Let’s talk shop? Tell us more about your career, what can you share with our community?
I grew up on a farm in small town Azle, Texas and that’s where my passion for music kicked off. By the age of 2, I was already sounding out songs on my grandmother’s piano. At 12, I taught myself how to play guitar after receiving one from my great-grandfather. 2 years later when he passed, he left me his banjos and mandolin. In middle school, I joined band and learned oboe, and through music theory and professional instruction, my understanding of music immensely widened. I began my songwriting journey at a young age and started taking it seriously at 18. I now confidently utilize my talents and experience to not only teach anyone, at any age, at any learning capacity, just about any instrument they want, but also encourage them to apply that to creating their own original content! I have successfully taught all ages from 2 to 87. I have guided around 50 of my students in writing, recording, and producing their songs. I am always working on fun projects and love to bring my students’ visions to life! What sets me apart is the connection I make with my students. Each curriculum is specifically designed to the individual student, where I go above and beyond to create a realistic path to their desired aspirations. Overcoming insecurities and wishy-washy self image is part of being a creative and innovator, but those who can focus on the goal and withstand whatever gets in the way are going to get what they are working so hard for. “Learning never exhausts the mind.” -Leonardo da Vinci
Any places to eat or things to do that you can share with our readers? If they have a friend visiting town, what are some spots they could take them to?

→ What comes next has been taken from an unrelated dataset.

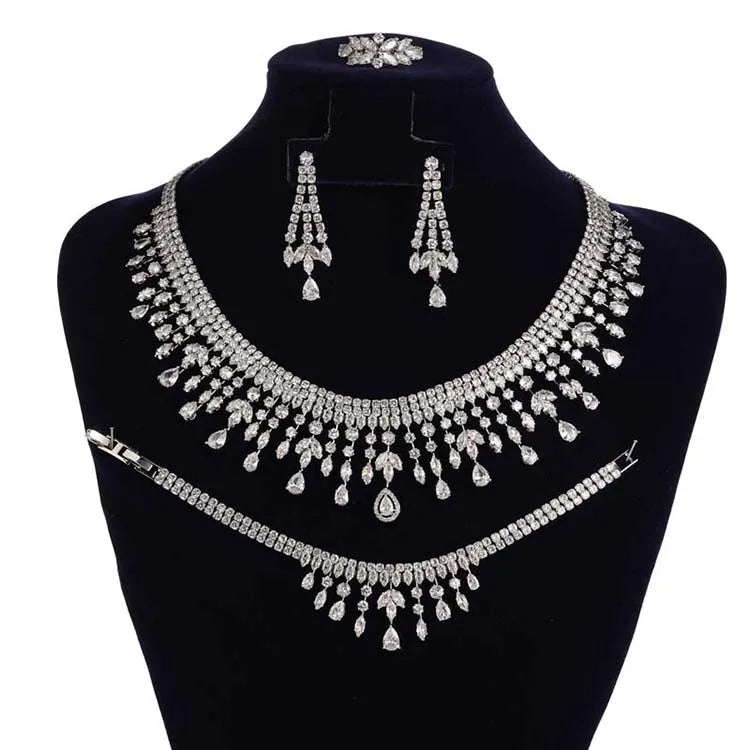 Luxurious Wedding Jewelry Sets HADIYANA Bridal Jewelery Drop Bracelet Earring Necklace And Ring Set BN8963 Dress  Accessories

For the best wings: Buffalo Brothers in Fort Worth – downtown location if you’re into big flashy screens on walls and a mile long tap bar, University location if you want the original hole-in-the-wall experience. For some cool views: Inspiration Point in Sansom Park. If you’re not into hiking, there’s a look out point you can drive up to. All others, bring your hiking boots and try to find the secret waterfall/swimming hole area. My favorite comfort meal: El Paseo Mexican Restaurant. Order a bowl of queso and eat the salsa until it arrives, get the tamale plate and flour tortillas, mix your beans and rice into your mashed up tamales, roll that up in your flour tortilla and dip the burrito in the queso. Stop it. Nothing else needs to be said.
Who else deserves some credit and recognition?
Business wise – My grandmother, the baddest entrepreneur, who set up my own desk in her office as a toddler so I could watch her every business move. Creative wise – Leonardo da Vinci, who didn’t delve into his most intensive work until he was old (well like pushing 40 – sorry mom) Love wise – God, for divinely appointing my family in my life and for allowing me to see the connection.